“Worship is more than singing on Sunday. It’s the life we live the rest of the week.” As 20th Century Christians in the Western world, offering sacrifices on an altar is not exactly on our daily to-do list. The thought of preparing for the grain offering by spending hours a day stone-grinding grain is completely foreign to me. However, the Levitical law gives us a visual representation of how our lives are to be living sacrifices. As it says in Romans 12, our lives are to be holy and pleasing to God – this is our true spiritual act of worship.
In addition to seeing God as our Provider, the grain offering illustrates how we should worship Him. Even as New Testament believers, God is particular about how we approach Him. In the time of Moses, the Israelites “accessed” God through the tabernacles, sacrifices and the priests.
Since then, the veil in the Holy of Holies has been torn from top to bottom (Matthew 27:51). Upon knowing Christ, the Holy Spirit lives in our hearts for eternity. Not only is there no more separation between us and the Father, but the God of Abraham, Isaac and Jacob actually lives within us! The mere thought of God actually residing in the hearts of His people would have blown the mind of any Israelite in Moses’ day.

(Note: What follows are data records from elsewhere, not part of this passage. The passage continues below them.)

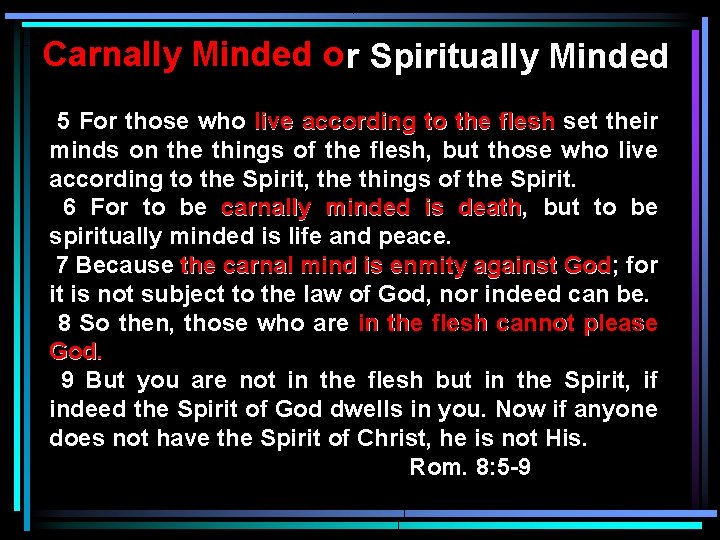 Carnally Minded o r Spiritually Minded 5 For those who live according to the Carnally Minded o r Spiritually Minded 5 For those who live according to the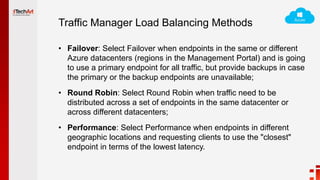 Traffic Manager Load Balancing Methods
• Failover: Select Failover when endpoints in the same or different
Azure datacenters (regions in the Management Portal) and is going
to use a primary endpoint for all traffic, but provide backups in case
the primary or the backup endpoints are unavailable;
• Round Robin: Select Round Robin when traffic need to be
distributed across a set of endpoints in the same datacenter or
across different datacenters;
• Performance: Select Performance when endpoints in different
geographic locations and requesting clients to use the "closest"
endpoint in terms of the lowest latency.
 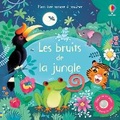 Cover: Les bruits de la jungle - Usborne Publishing Ltd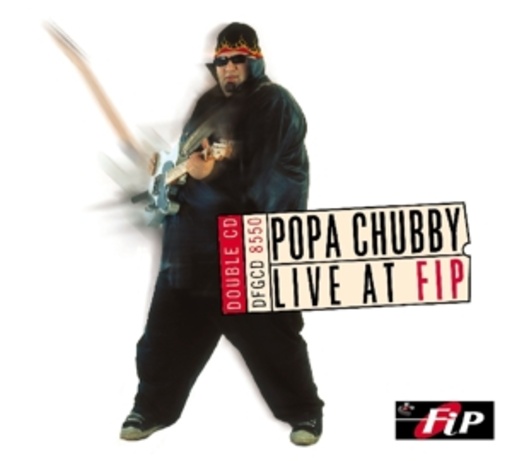 Popa Chubby – Live At FIP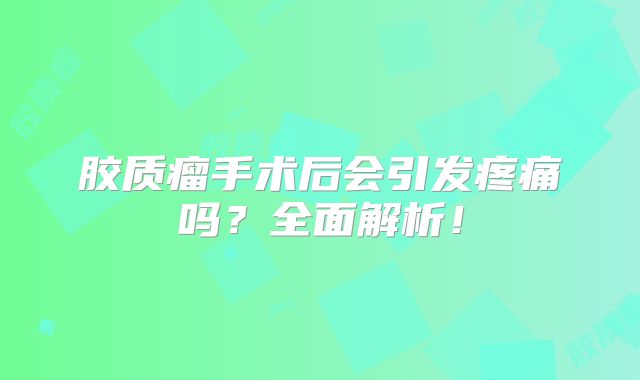 胶质瘤手术后会引发疼痛吗？全面解析！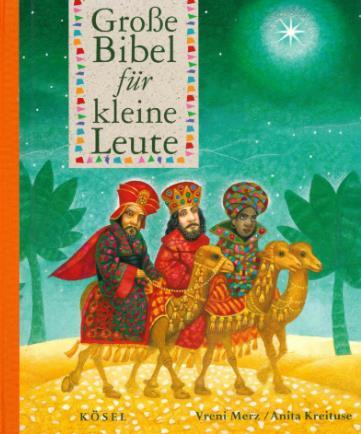 Kinderbibeln und biblische Geschichten Vreni Merz / Anita Kreituse : Grosse Bibel für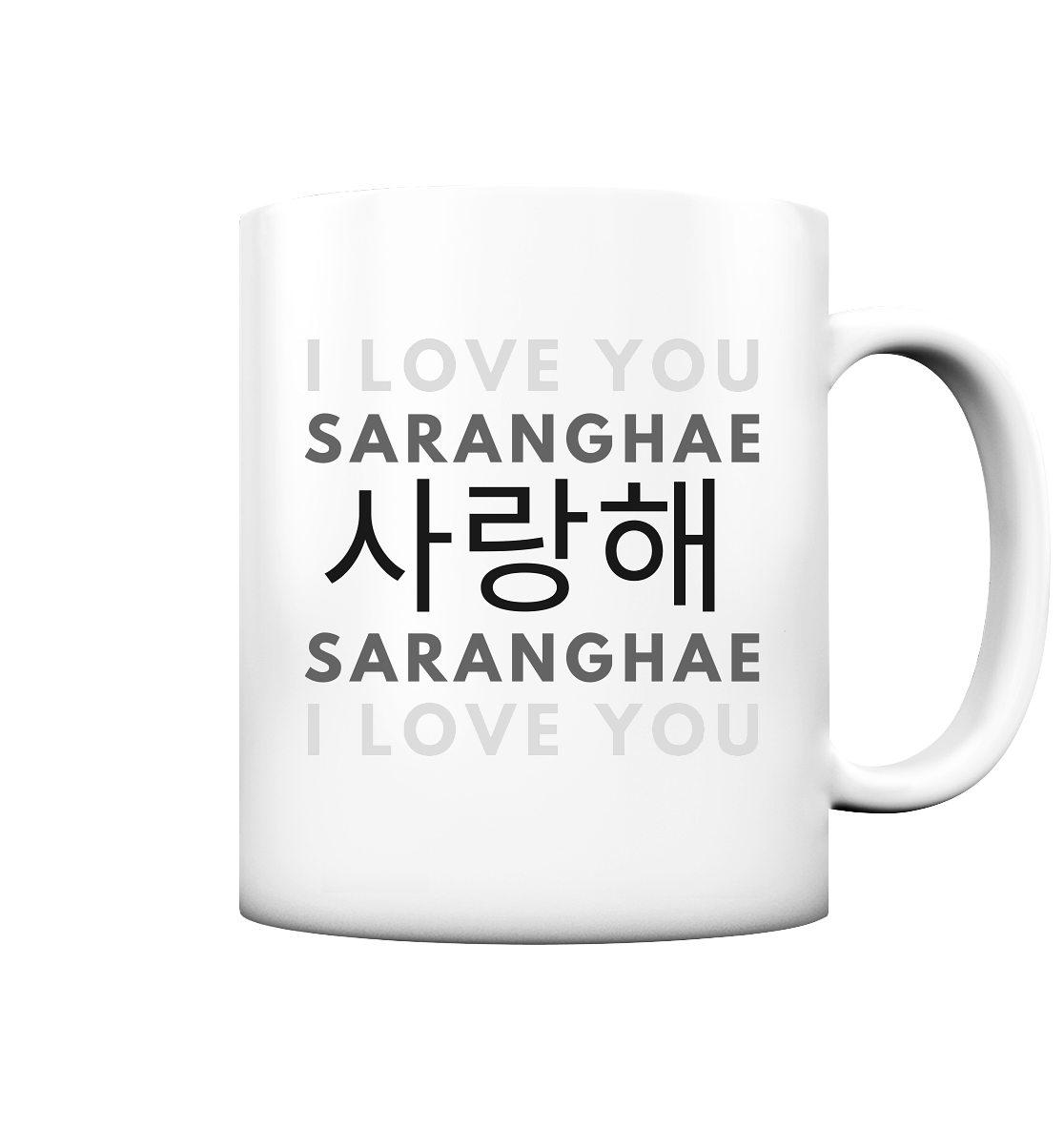 I LOVE YOU SARANGHAE - Tasse matt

Unlike the Israelites, we are under the New Covenant, however, God is the same yesterday, today and forever. Although the Levitical offerings are obsolete, He is still the object of our worship. Today, worship is using our God-given gifts to honor Him and to serve others on a daily basis, not just Sundays, because our lives are a living sacrifice unto God. The grain offering gives us several clues as to what our worship should look like.
Consistency in Worship
The grain offering was given after every burnt offering, which would have been every morning, every evening and three times on the Sabbath. As He did with the Israelites, God wants our worship to be consistent, a regular part of our lives. Going to church on Sunday is great but we should spend time each day in the Word in order to know Him better. Jen Wilkin said, “The heart cannot love what the mind does not know.” In studying His Word, we have a greater glimpse into the character and greatness of our God, who is so worthy of our praise.
In John 6:48, Jesus declared He was the bread (grain) of life. Just like we need daily physical nourishment, we need daily spiritual nourishment as well. We get that nourishment by spending time in His Word.

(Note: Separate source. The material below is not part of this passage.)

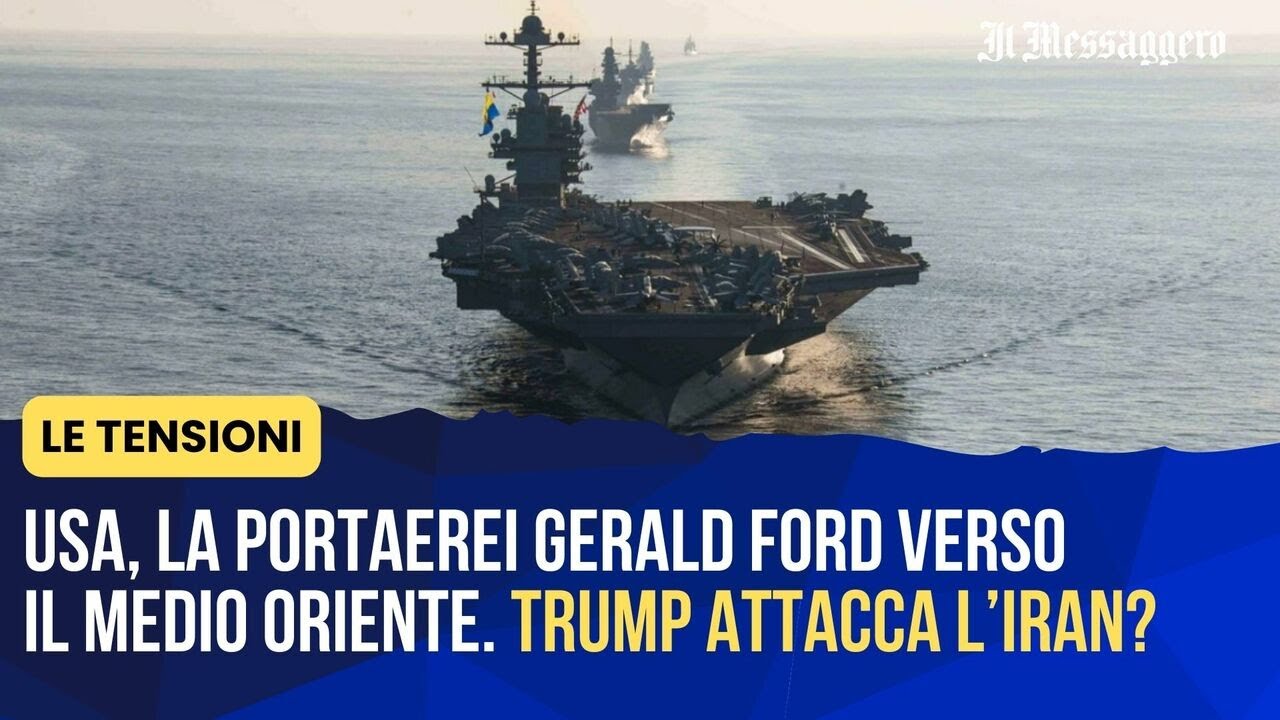Usa, la portaerei Gerald Ford verso il Medio Oriente.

Imagine owning a car that requires gas every day. When we don’t fill up our tanks daily, we are simply running on fumes. I learned the hard way that I cannot worship God effectively if I am not spending consistent time in His Word and in prayer. Consistent worship requires a consistent relationship.
The grain offering differed from the burnt offering in that the Israelite making the sacrifice could actually play a role in offering the grain on the altar. (With the burnt offering, only the priests were allowed to place the animal on the altar.) The sacrificer could not add to the grain offering but was encouraged to participate in it. In other words, God never saw the efforts of the offerer as part of the actual sacrifice. The offering was the grain itself and that was a pleasing aroma to God. However, God wanted the individual to participate in the offering.
God reminds us in this special distinction that although we have nothing to give God of ourselves, He wants us to participate in worship. He gave the sacrificer freedom to offer the grain cooked, uncooked, in flour with oil, plain, etc. In today’s terms, you could offer the grain in the form of donuts, cookies, cinnamon rolls, etc.
God gave us freedom in worship, as we don’t all worship the same way or possess the same gifts. God takes joy in seeing us use our particular gifts and resources to praise Him.
As 1 Corinthians 10:31 states, “Whether you eat or drink, or whatever you do, do it all for the glory of the Lord.” Worship can be anything we do to bring honor to Him. I love painting furniture and writing and experience joy when I do these things for His glory.
My husband is a civil engineer and loves what he does. He actually enjoys listening to podcasts about new developments within his field. God wired Jeremy to enjoy His work and God takes pleasure in seeing that. How amazing is it that God takes joy in watching His children do the things He was created us to enjoy.
A Loose Grip
The Israelites knew that once they reached the hot, dry climate of Canaan, any crops would have been a result of God’s blessings, not the Israelites farming ability (or lack thereof). He was teaching them that there was nothing they could give God that didn’t first come from His Hand. Isn’t that the case with every blessing in life?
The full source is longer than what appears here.